MFA for a highly available RD Gateway

MFA for a highly available RD Gateway

Recently I decided to write up a couple of articles on how to set up MFA for a highly available RD Gateway. Why? Because so much information on the internet is fragmented and as such incomplete. So I wanted a reference document for myself. As I was making that document I realized I needed to explain the why and not just the how. The “why” is what helps people support and troubleshoot the solution during its life cycle.

The above, in combination with me being a verbose son of * led to 44 pages of information. So, I decided to publish it as a two-part article series.

MFA for a highly available RD Gateway
Figure 1: MFA for a highly available RD Gateway

You can find the articles here Transition a Highly Available RD Gateway to Use the NPS Extension for Azure MFA – Phase I and Transition a highly available RD Gateway to use the NPS Extension for Azure MFA – Phase II

Why and when should you read them?

If you have RD Gateway running and you have no MFA solution set up for it, I highly recommend you head over to read these two articles. That is especially true when your RD Gateways solution is a high availability (HA) deployment with an RD Gateway farm behind a load balancer. In that case, you want your MFA components to be HA as well! For some reason, so many guides on the internet ignore or brush over HA very cavalierly. That is one thing I hope these two articles remediate.

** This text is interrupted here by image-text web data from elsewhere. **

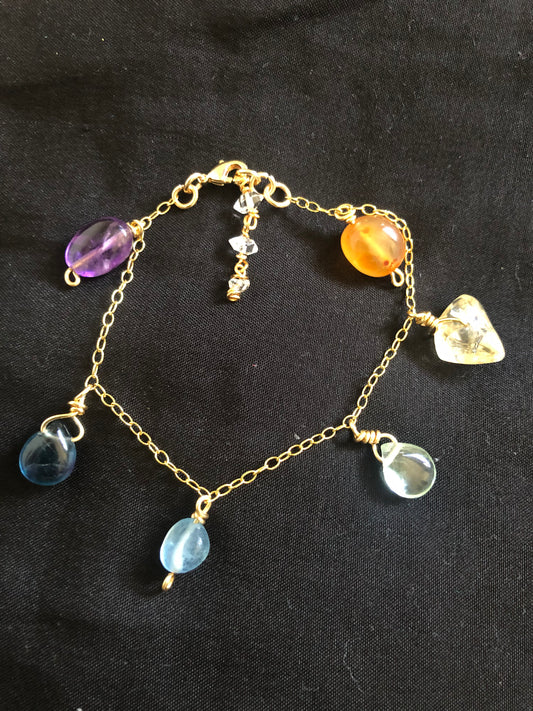 Chakra Charm Bracelet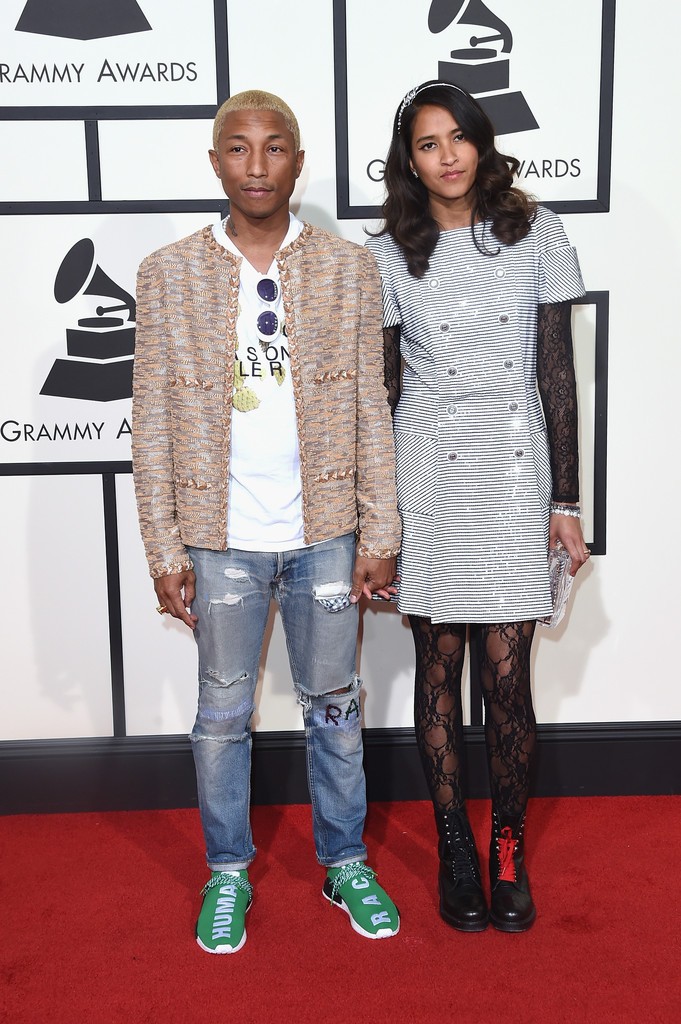 Pharrell-Williams-Helen-Lasichanh-58th-Grammy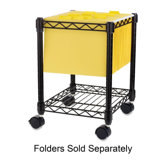 Compact Mobile Cart, 15-1/2"x14"x19-1/2", Black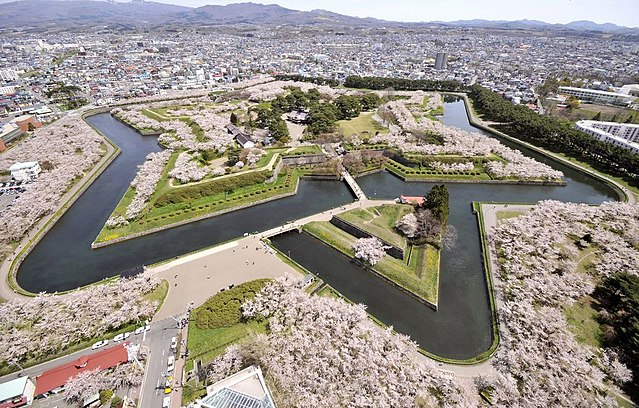 Goryokaku Fort, Hakodate in spring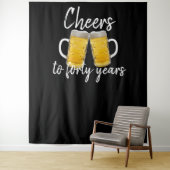 Ein vierzigjähriger Bierliebhaber Wandteppich (Beispiel)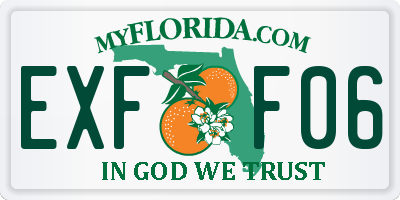 FL license plate EXFF06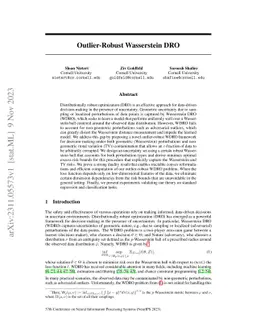 Outlier-Robust Wasserstein DRO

Next to that, it has many details on every aspect of the deployment to make sure you get it up and running successfully and correctly.

Finally, I present you with a collection of troubleshooting information and tools to help you figure out where the problem is so you can find a way to fix it.

That’s it. I really think it can help many of you out there. I hope it does.

Quick Assist: CredSSP encryption oracle remediation Error

In the past 12 hours I’ve seen the first mentions of people no longer being able to connect over RDP via a RD Gateway to their clients or servers. I also got a call to ask for help with such an issue. The moment I saw the error message it rang home that this was a known and documented issue with CredSSP encryption oracle remediation, which is both preventable and fixable.

The person trying to connect over RD Gateway get the following message:
[Window Title]
Remote Desktop Connection
[Content]
An authentication error has occurred.
The function requested is not supported
Remote computer: target.domain.com
This could be due to CredSSP encryption oracle remediation.
For more information, see
https://go.microsoft.com/fwlink/?linkid=866660
[OK]

image

Follow that link and it will tell you all you need to know to fix it and how to avoid it.
A remote code execution vulnerability (CVE-2018-0886) exists in unpatched versions of CredSSP. This issue was addressed by correcting how CredSSP validates requests during the authentication process.

The initial March 13, 2018, release updates the CredSSP authentication protocol and the Remote Desktop clients for all affected platforms.
Mitigation consists of installing the update on all eligible client and server operating systems and then using included Group Policy settings or registry-based equivalents to manage the setting options on the client and server computers. We recommend that administrators apply the policy and set it to  “Force updated clients” or “Mitigated” on client and server computers as soon as possible.  These changes will require a reboot of the affected systems. Pay close attention to Group Policy or registry settings pairs that result in “Blocked” interactions between clients and servers in the compatibility table later in this article.

April 17, 2018:
The Remote Desktop Client (RDP) update update in KB 4093120 will enhance the error message that is presented when an updated client fails to connect to a server that has not been updated.

May 8, 2018:
An update to change the default setting from Vulnerable to Mitigated (KB4103723 for W2K16 servers) and KB4103727 for Windows 10 clients. Don’t forget the vulnerability also exists for W2K12(R2) and lower as well as equivalent clients.

The key here is that with the May updates change the default for the new policy setting changes the default setting from to mitigated.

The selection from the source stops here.